In my current research on antisemitism, I am interested in how antisemitic tropes and discourses in different countries of post-communist Europe and beyond have been permeating the current memorialization of the Holocaust and have produced their own prejudicial narratives against the Holocaust and its remembrance – that I call “remembering to forget”. This research is a direct continuation of a previous work with my Canadian colleague, Prof. John-Paul Himka of Alberta University, Canada, with whom I wrote, the collection of essays, Bringing the Dark to Light: The Memory of the Holocaust in Post-communist Europe, (July, NUP, 2013). In this book, we examined the diverse and dynamic ways in which the Holocaust had been remembered in all the post-communist countries between 1989 and 2010, and how the difficult past in relations towards Jewish minorities have influenced the political discourse, historiography, education, and cultural representations in these countries.

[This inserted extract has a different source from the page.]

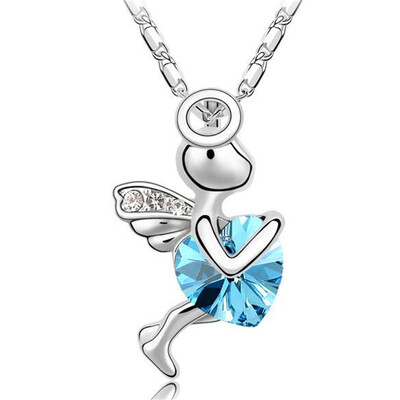 Heart Crystal from Austrian Angel Pendant Necklace For Women High Quality Fashion Jewelry Friendship Party Gift 2211
Heart Crystal from Austrian Angel Pendant Necklace For Women High Quality Fashion Jewelry Friendship Party Gift 2211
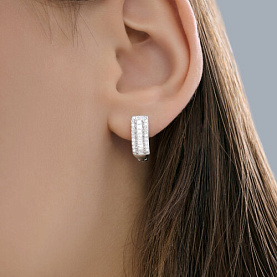 Серьги SOKOLOV - Серебро 925, Фианит (арт. 94027183-91)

- I look forward to working with my colleagues at Lund University, Professors Henrik Rosengren, Per Anders Rudling and Ulf Zander, among others, on the difficult aspects of the memorialization of the Holocaust in Europe and beyond in the post-2010 period that is characterized by the increased levels of right-wing and left-wing antisemitism.
- I have also been researching for the last twelve years the history of Jewish childhood during and in the aftermath of the Holocaust: the issues of social identity and the reconstruction of Jewish family through the children’s lenses. In my most recent publication in Polish, Piętno Zagłady: Wojenna i powojenna historia oraz pamięć żydowskich dzieci ocalałych w Polsce (Collection of essays on Jewish childhood during and in the aftermath of the Holocaust, Warsaw, Jewish Historical Institute, 2020), I examined how Jewish children’s early postwar testimonies written “nearby and from the bottom” complicate standard histories of rescue and survival in the history of the Holocaust. In my forthcoming publication of essays on Jewish childhood in Poland to be published in English and German, I also examine the experiences of children who were offspring of ethnically mixed Jewish and non-Jewish Polish couples during and in the aftermath of the Holocaust, and the post-1945 public representations of Jewish child survivors showing the persistence of the narratives of renewal and sentimentalization in the depiction of these child survivors from 1945 to the present.
- I am delighted to know that Prof. Lina Sturfelt and other colleagues in the Department of History and Human Rights at Lund University specialize in the history of children and childhood in the modern era, and look forward to learning from their research and co-organize workshops and research projects on children and childhood in the twentieth century and beyond.
My research on Jewish child survivors is connected to my other current research on the history and memories of rescuers of Jews in Poland, More Than The Milk of Human Kindness: Jewish Survivors and Their Polish Rescuers Recount Their Tales, 1944-1949. This project offers a fresh contribution to the study of different types of rescuers and ambivalence of goodness that speaks beyond the Polish society’s case in the Second World War and thus could foster further comparative research on the postwar representations of rescue of Jews across Nazi-occupied Europe. It has been supported by Gerda Henkel Foundation.